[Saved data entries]
--------------------------------------------------

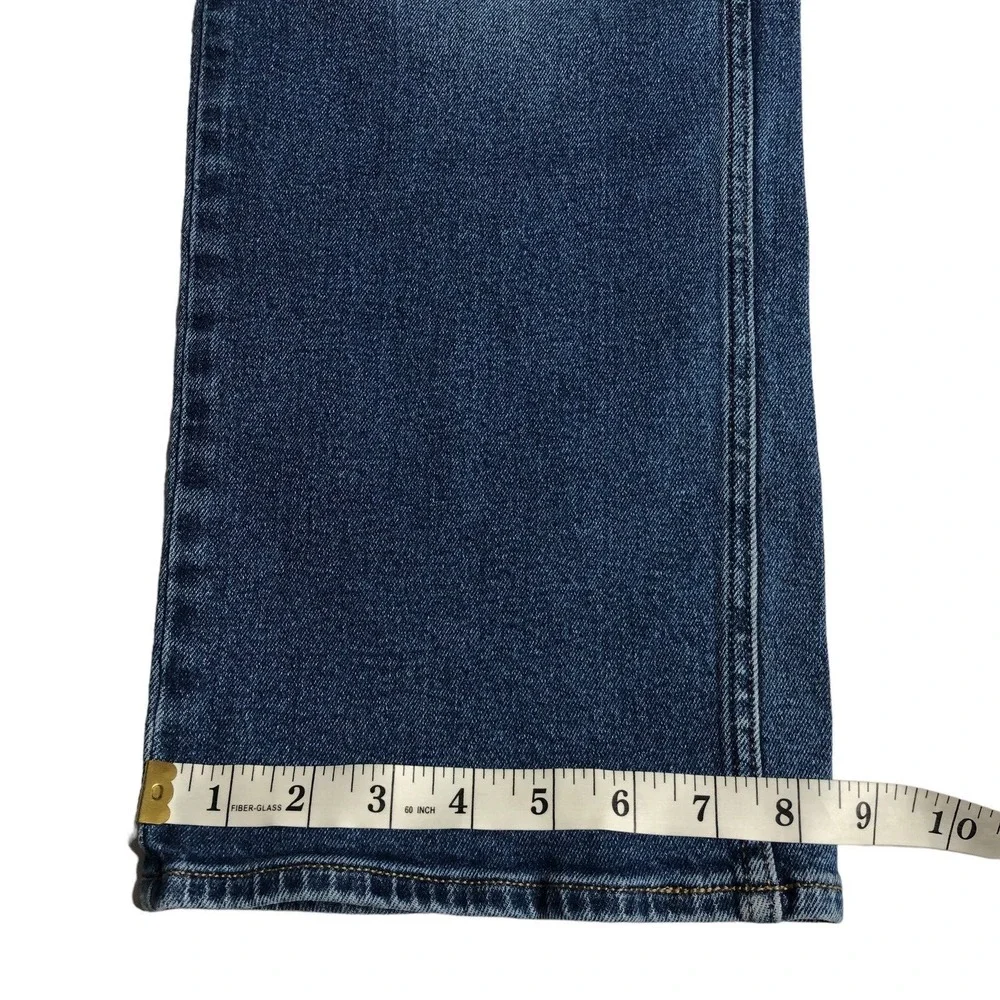 Old Navy Built In Flex Jeans Mens 42x32 Straight Leg Blue Medium Wash Workwear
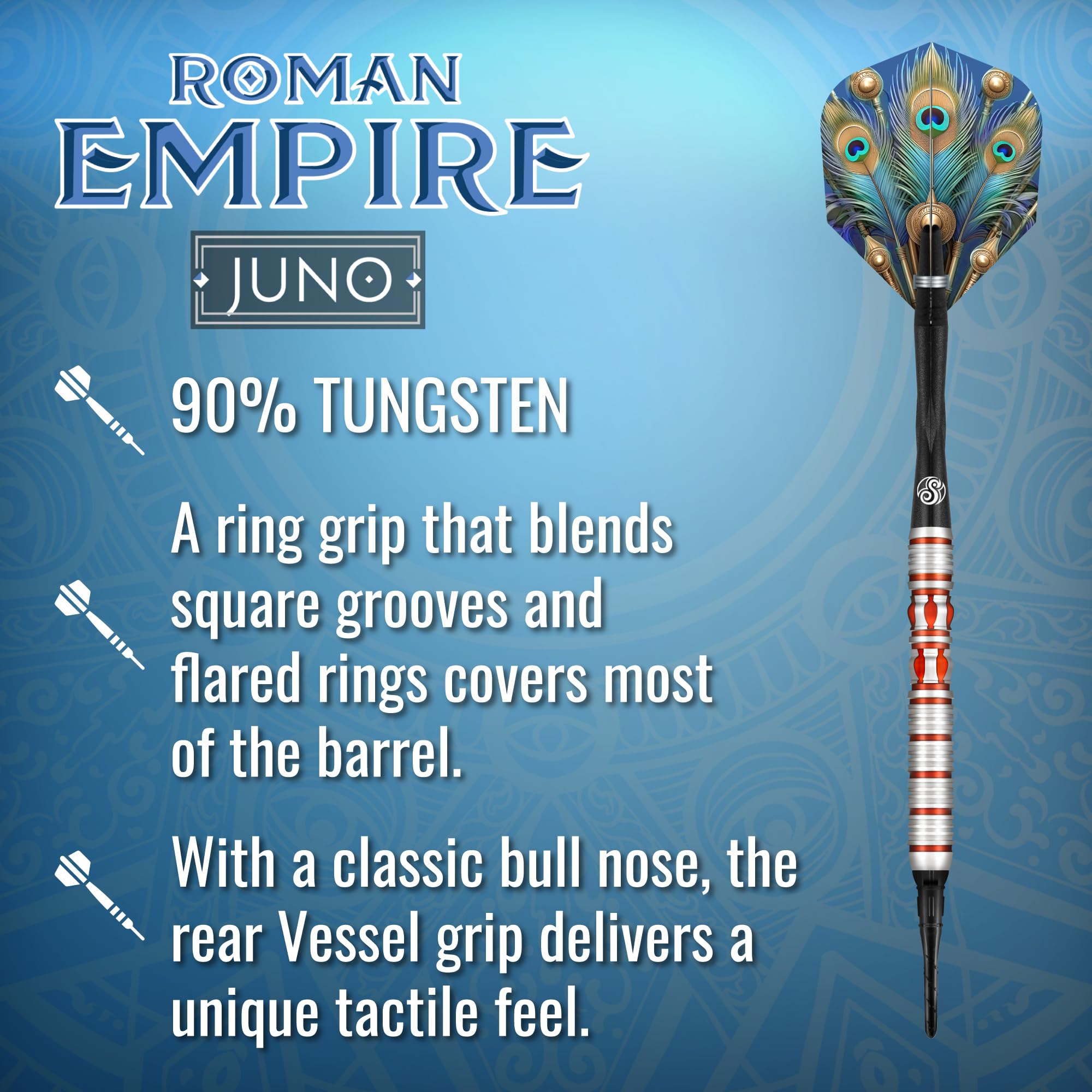 Juego de Dardos Profesionales Shot! Soft Tip, Roman Empire - Imagen 3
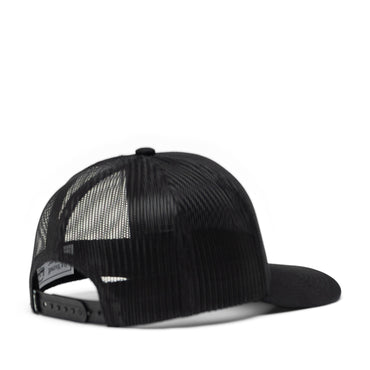 Siyah Herschel Whaler Cotton Mesh Spor Şapka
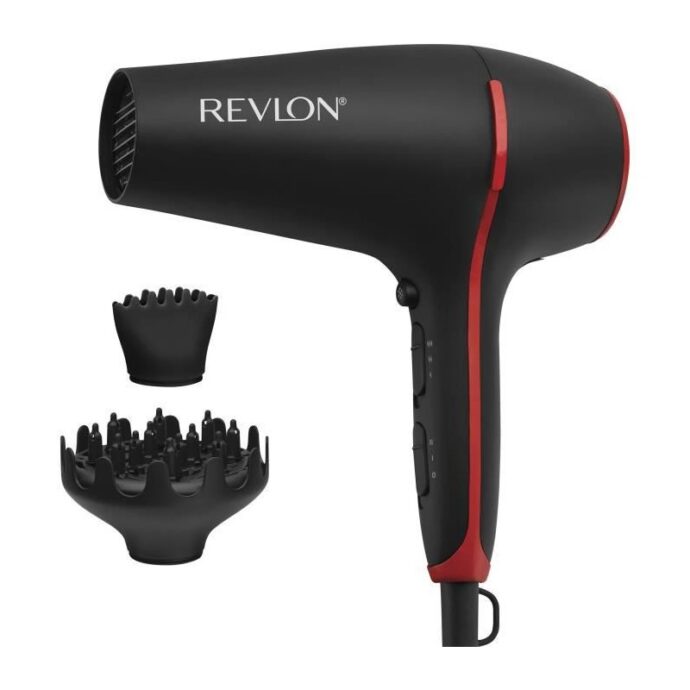 ⁦مجفف شعر ريفلون سموث ستاي 2000 واط - موزع تكثيف الشعر REVLON RVDR5317 Sèche-cheveux Smoothstay 2000W - Diffuseur Volumateur⁩ - الصورة ⁦4⁩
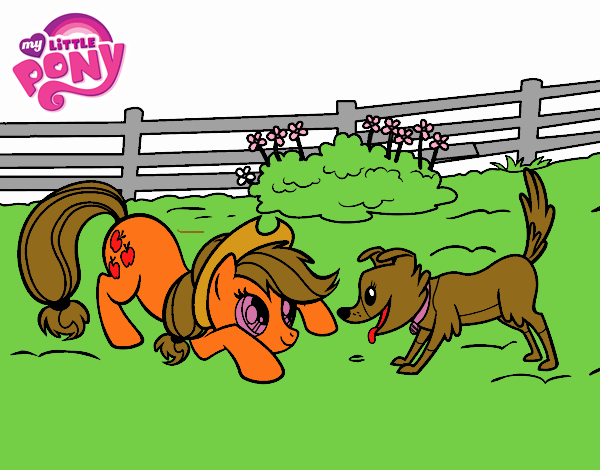 Applejack y Winona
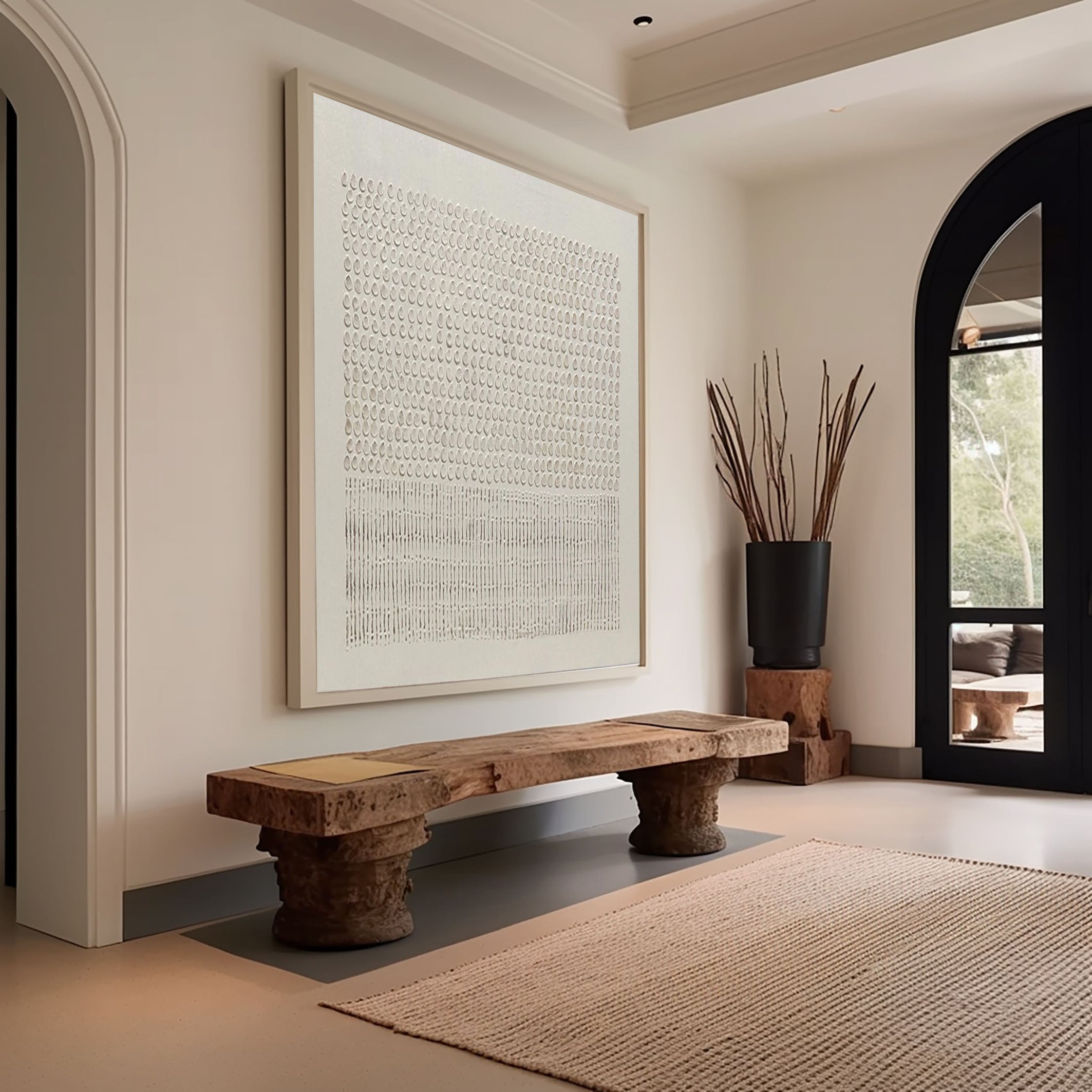 Contemporary Minimalist Wabi Sabi Art #WS 035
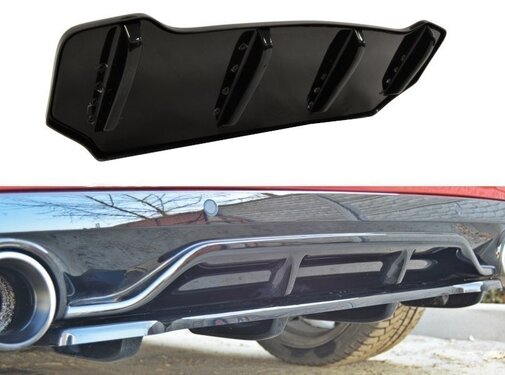 Maxton Design Maxton Design CENTRAL REAR DIFFUSER PEUGEOT 308 II GTI (with vertical bars)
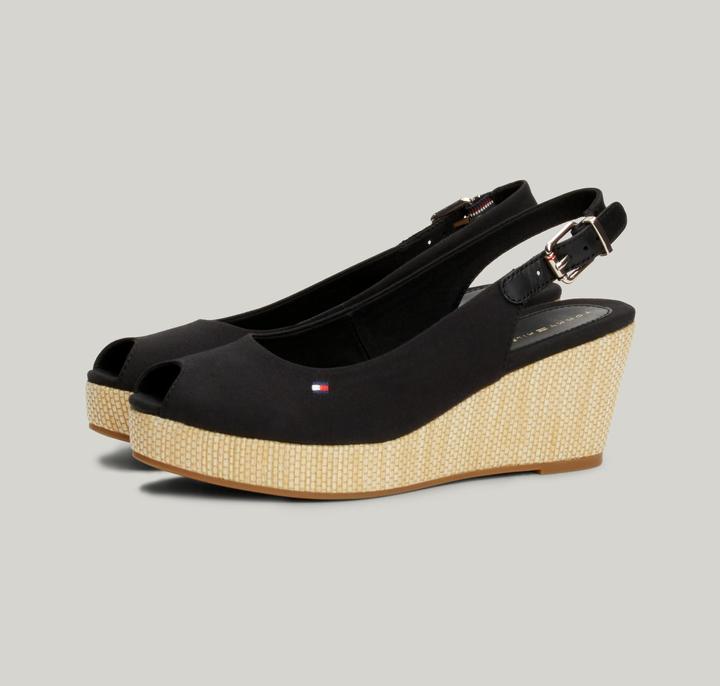 Actual product image Tommy Hilfiger Iconic Elba Sling Back Wedge-40 (40)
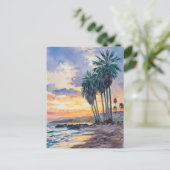 カリフォルニア州サン クレメンテ ビーチ ポストカード (スタンド正面)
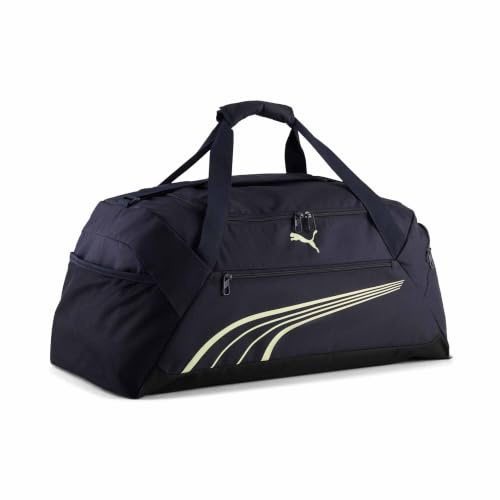 PUMA FUNDAMENTAL Medium Sports Bag NEW Navy-Apple Spritz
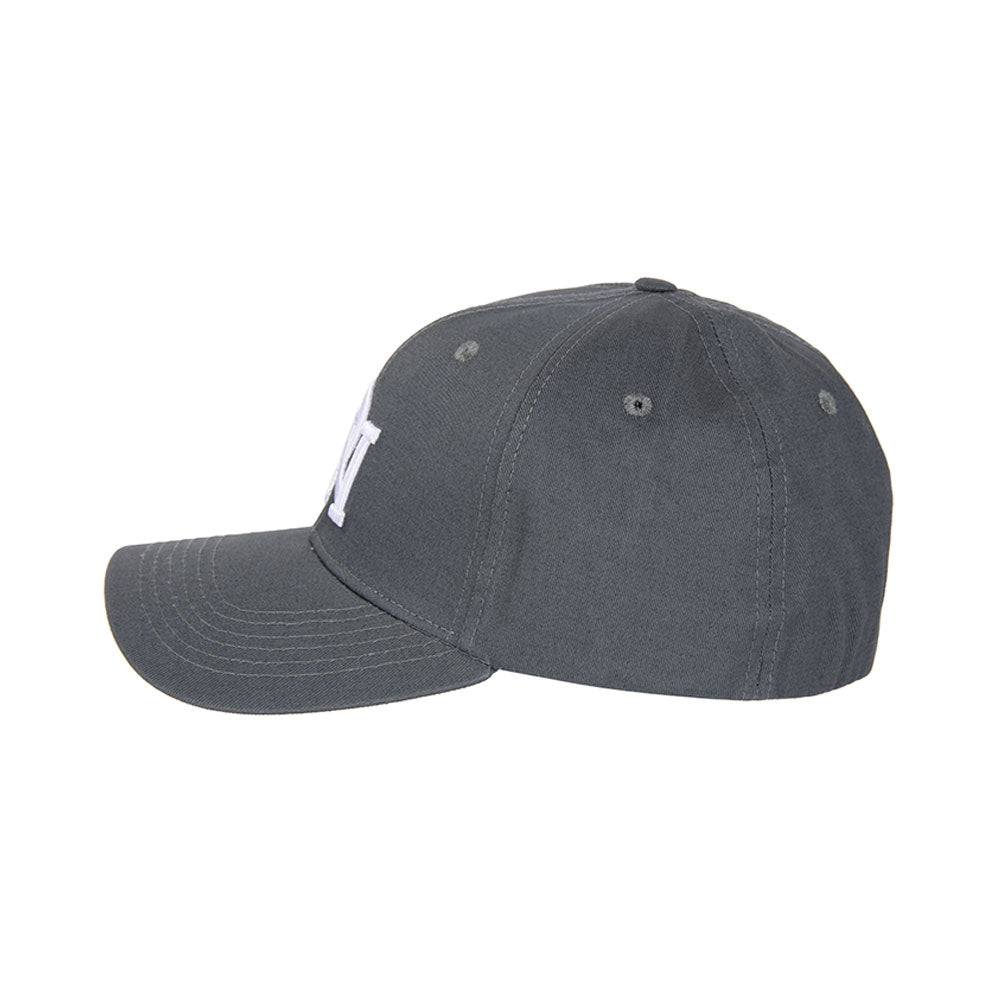 LDN Curved Peak Fitted Cap Grey White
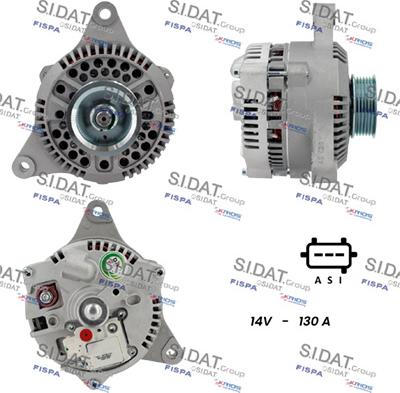 Sidat A12VS1278A2 - Генератор vvparts.bg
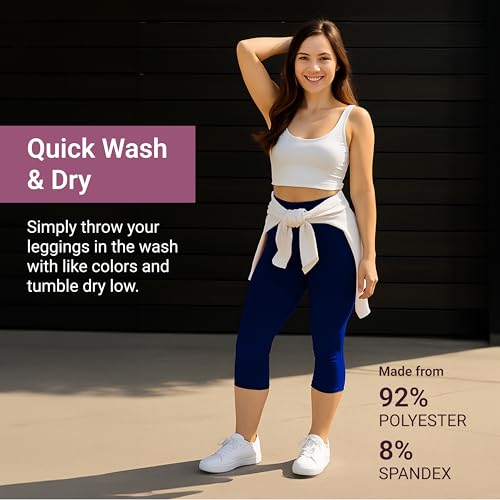 image for SATINA High Waisted Capri Leggings for Women - Leggings for Women - Hi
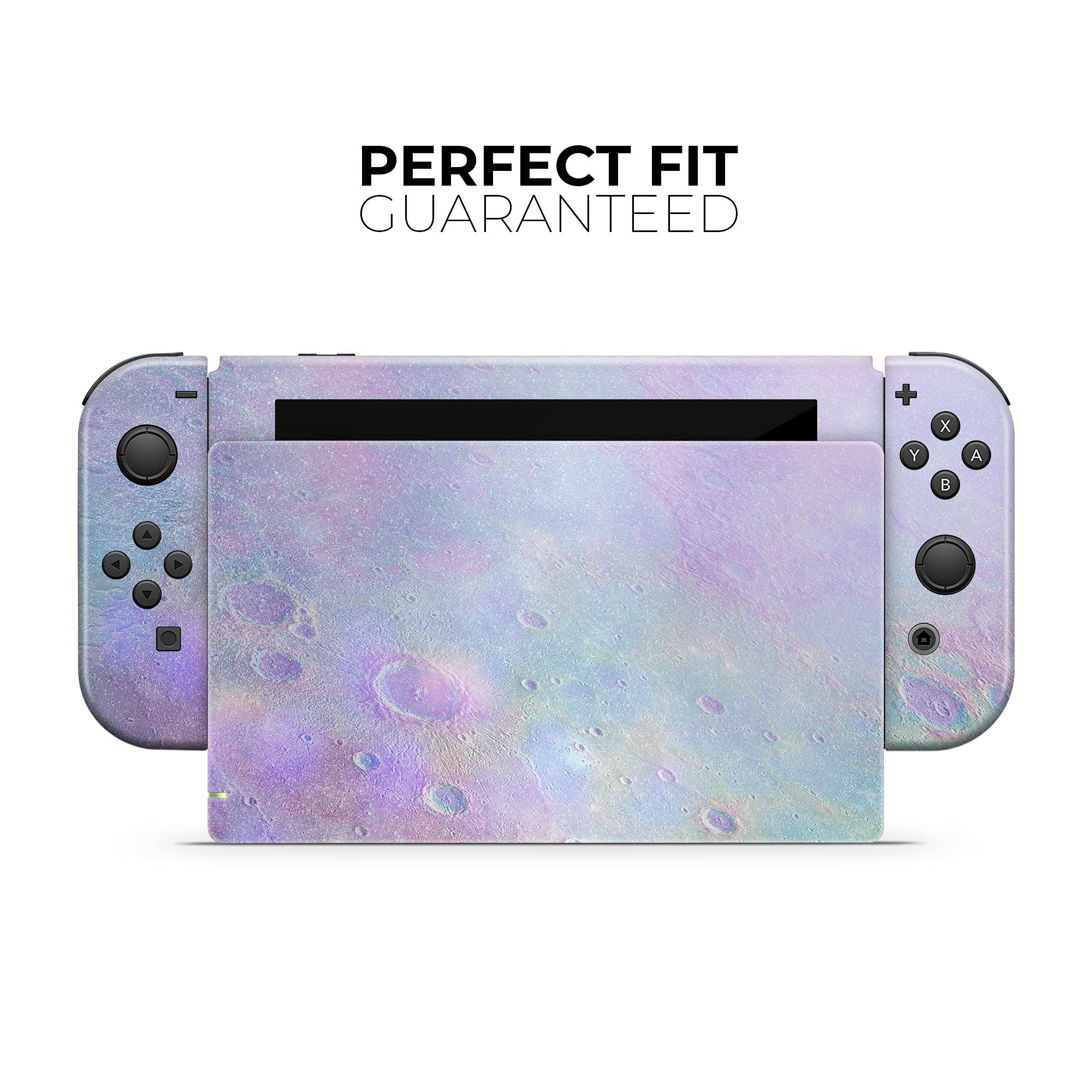 Nintendo Switch Pro Controller Skin - Removable Vinyl Wrap Cover with Tie-Dye Cratered Moon Design | Scratch-Resistant Protective Decal | Perfect for Gaming Protection & Customization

--------------------------------------------------

● **Assignment**
Return each entry exactly as given. Leave the images out.

● **Answer to the exercise**
 Old Navy Built In Flex Jeans Mens 42x32 Straight Leg Blue Medium Wash Workwear
 Juego de Dardos Profesionales Shot! Soft Tip, Roman Empire - Imagen 3
 Siyah Herschel Whaler Cotton Mesh Spor Şapka
 ⁦مجفف شعر ريفلون سموث ستاي 2000 واط - موزع تكثيف الشعر REVLON RVDR5317 Sèche-cheveux Smoothstay 2000W - Diffuseur Volumateur⁩ - الصورة ⁦4⁩
 Applejack y Winona
 Contemporary Minimalist Wabi Sabi Art #WS 035
 Maxton Design Maxton Design CENTRAL REAR DIFFUSER PEUGEOT 308 II GTI (with vertical bars)
 Actual product image Tommy Hilfiger Iconic Elba Sling Back Wedge-40 (40)
 カリフォルニア州サン クレメンテ ビーチ ポストカード (スタンド正面)
 PUMA FUNDAMENTAL Medium Sports Bag NEW Navy-Apple Spritz
 LDN Curved Peak Fitted Cap Grey White
 Sidat A12VS1278A2 - Генератор vvparts.bg
 image for SATINA High Waisted Capri Leggings for Women - Leggings for Women - Hi
 Nintendo Switch Pro Controller Skin - Removable Vinyl Wrap Cover with Tie-Dye Cratered Moon Design | Scratch-Resistant Protective Decal | Perfect for Gaming Protection & Customization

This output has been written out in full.